Copy out the data word for word, without any of its pictures.

(Stored items from a collection)
+++

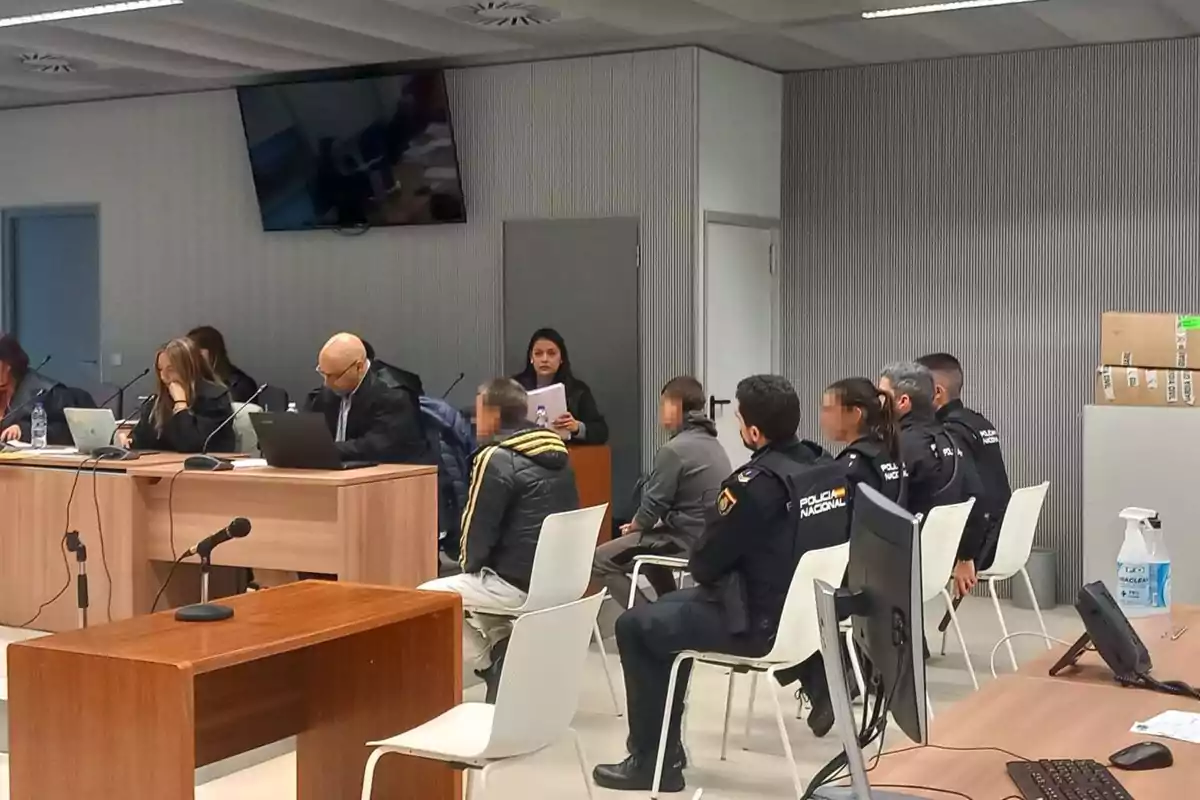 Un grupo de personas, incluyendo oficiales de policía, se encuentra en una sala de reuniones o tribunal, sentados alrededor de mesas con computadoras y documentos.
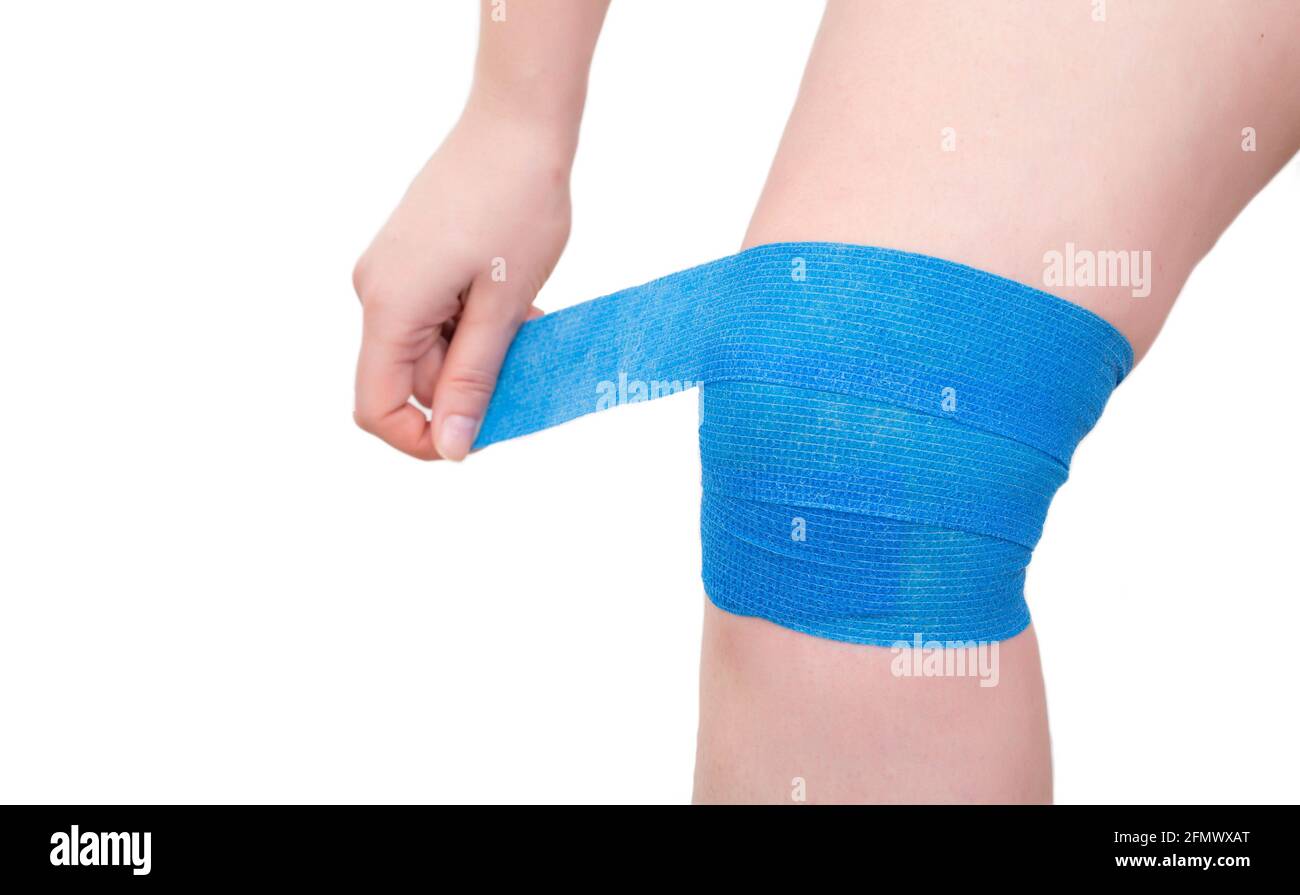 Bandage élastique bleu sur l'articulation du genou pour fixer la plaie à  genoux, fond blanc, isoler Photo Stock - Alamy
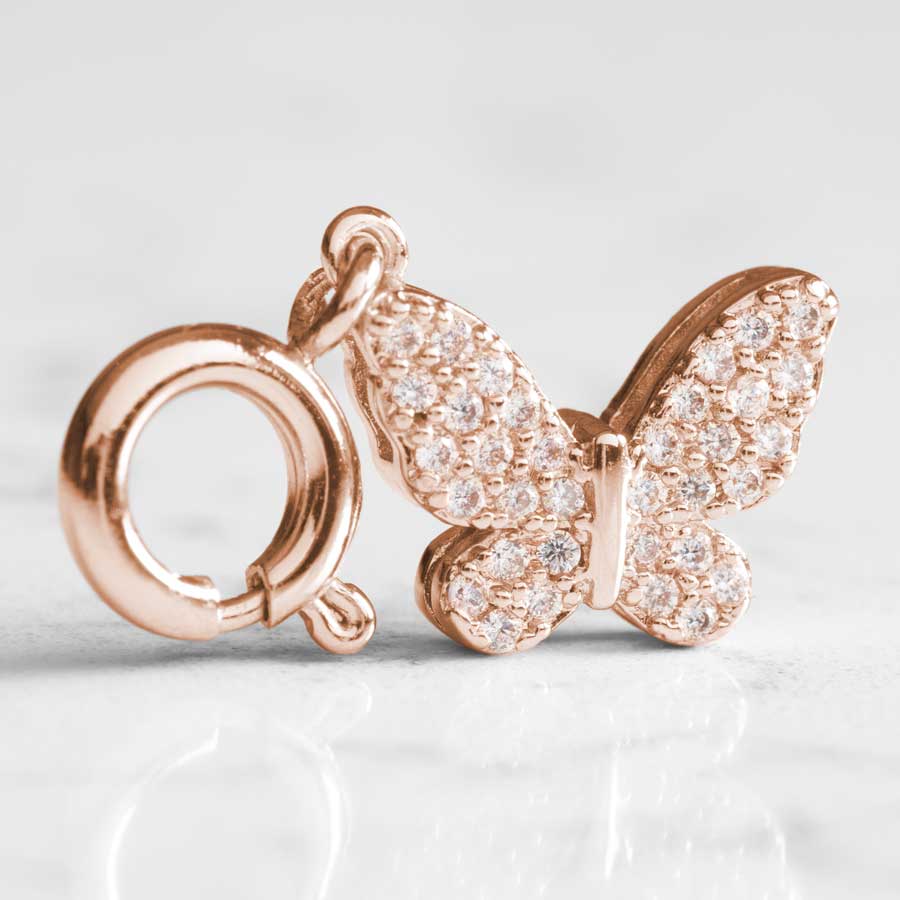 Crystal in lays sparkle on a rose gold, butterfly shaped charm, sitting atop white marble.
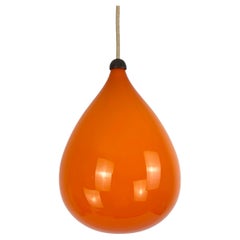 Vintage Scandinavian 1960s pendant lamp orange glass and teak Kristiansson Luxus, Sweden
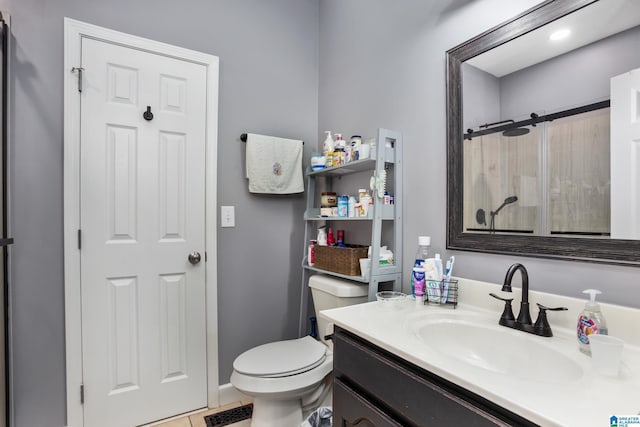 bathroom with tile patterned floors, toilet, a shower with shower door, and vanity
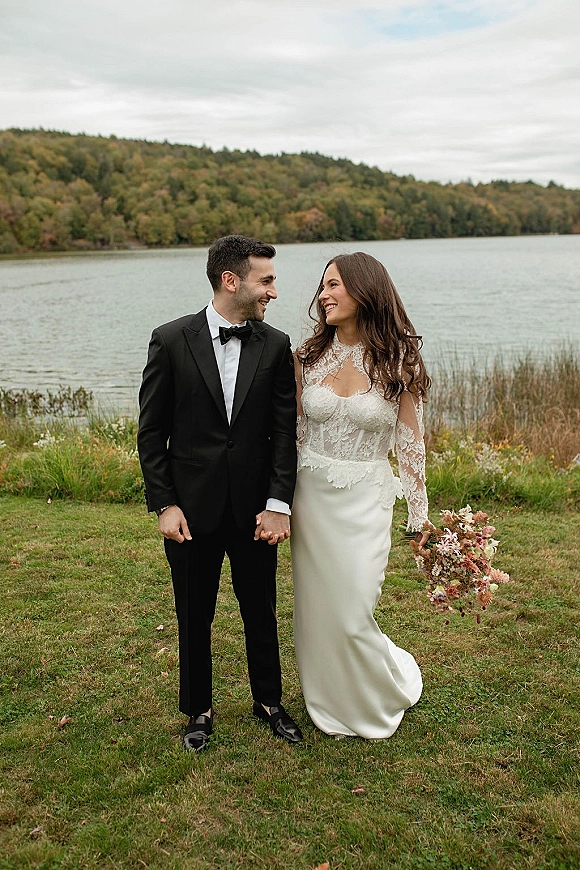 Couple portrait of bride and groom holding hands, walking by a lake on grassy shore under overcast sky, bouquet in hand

+++

* ANSWER AREA *
 Un grupo de personas, incluyendo oficiales de policía, se encuentra en una sala de reuniones o tribunal, sentados alrededor de mesas con computadoras y documentos.
 Bandage élastique bleu sur l'articulation du genou pour fixer la plaie à  genoux, fond blanc, isoler Photo Stock - Alamy
 Crystal in lays sparkle on a rose gold, butterfly shaped charm, sitting atop white marble.
 Vintage Scandinavian 1960s pendant lamp orange glass and teak Kristiansson Luxus, Sweden
 bathroom with tile patterned floors, toilet, a shower with shower door, and vanity
 Couple portrait of bride and groom holding hands, walking by a lake on grassy shore under overcast sky, bouquet in hand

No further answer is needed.